く~にゃん雑記帳

音楽やスポーツの感動、愉快なお話などを綴ります。旅や花の写真、お祭り、ピーターラビットの「く~にゃん物語」などもあるよ。

<ドウダンツツジ(灯台躑躅)>枝々に無数の可憐な小花 〝満天星〟とも

2013年04月17日 | 花の四季

【秋の燃えるような紅葉も圧巻】

 春たけなわ。この季節になると、スズランのような可憐な小花が印象的なドウダンツツジ(単に「ドウダン」とも)が生垣などで咲き誇る。漢字の「灯台躑躅」の〝灯台〟は分枝の形が油皿を載せる灯明台の脚に似ているところから。「とうだい」が訛っていつの間にか「どうだん」になったらしい。漢名の「満天星」は霊薬を作っているうちに誤ってこぼした霊水が木の枝に降り注ぎ、満天の星のように輝いたという故事に由来する。

 本州静岡以西の紀伊半島や四国、九州などの山地に分布する。明治時代から庭木として注目されてきたが、長く自生地が分からず、外来種ではないかと疑われた時期もあった。牧野富太郎博士らが1910年代になって高知県日高村の錦山で初めて自生種を発見した。ドウダンツツジは山地の岩場、中でも蛇紋岩という岩石が多い場所を好む。錦山も蛇紋岩地帯で、秋になると〝ドウダンモミジ〟で全山が真っ赤に染まるため、その名が付いたという。

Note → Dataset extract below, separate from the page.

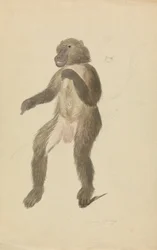 En mandrill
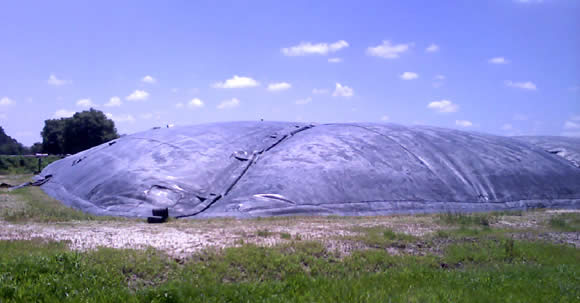 Biodigestor Grupo Lechero Leon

 ツツジ科だがツツジ属とは異なるドウダンツツジ属に分類され、日本など東アジアやヒマラヤ地方に約10種ある。ドウダンツツジは花が白く、花の先がつぼまった壷形。これに対しサラサ(更紗)ドウダンやベニドウダンなどは紅色で、先がつぼまらない釣鐘形。サラサドウダンは「フウリンツツジ」という別名を持つ。変種にヒロハドウダンやチチブドウダン、ツクシドウダン、カイナンサラサドウダン、ベニサラサドウダンなどがある。

 静岡県島田市の「どうだん原」には8000本を超えるドウダンツツジが群生し、「市の花」にもなっている。4月21日には春のどうだんまつりが開かれる。岐阜県中津川市は恵那山系に多いサラサドウダンを市の花としている。ドウダンツツジを町花とする鳥取県智頭町は5月17~19日に智頭どうだんまつりを開催、〝どうだん娘〟の写真撮影会などを予定している。長野県小海町の松原湖高原には4600本のサラサドウダンが群生、県の天然記念物になっている。見頃は6月中~下旬。

 ドウダンツツジといえば比較的背の低い生垣を連想しがちだが、大木も少なくない。兵庫県豊岡市但東町の安国寺には高さ・幅ともに10mにも達する樹齢150年の名木がある。とりわけ秋の紅葉が有名で、多くの観光客やカメラマンでにぎわう。金沢市・妙法寺のドウダンツツジは樹齢400年以上ともいわれ、市指定の天然記念物。さいたま市・正圓寺のドウダンツツジも高さが4mほどあり、市の天然記念物に指定されている。「雲ひくし満天星に雨よほそく降れ」(水原秋桜子)。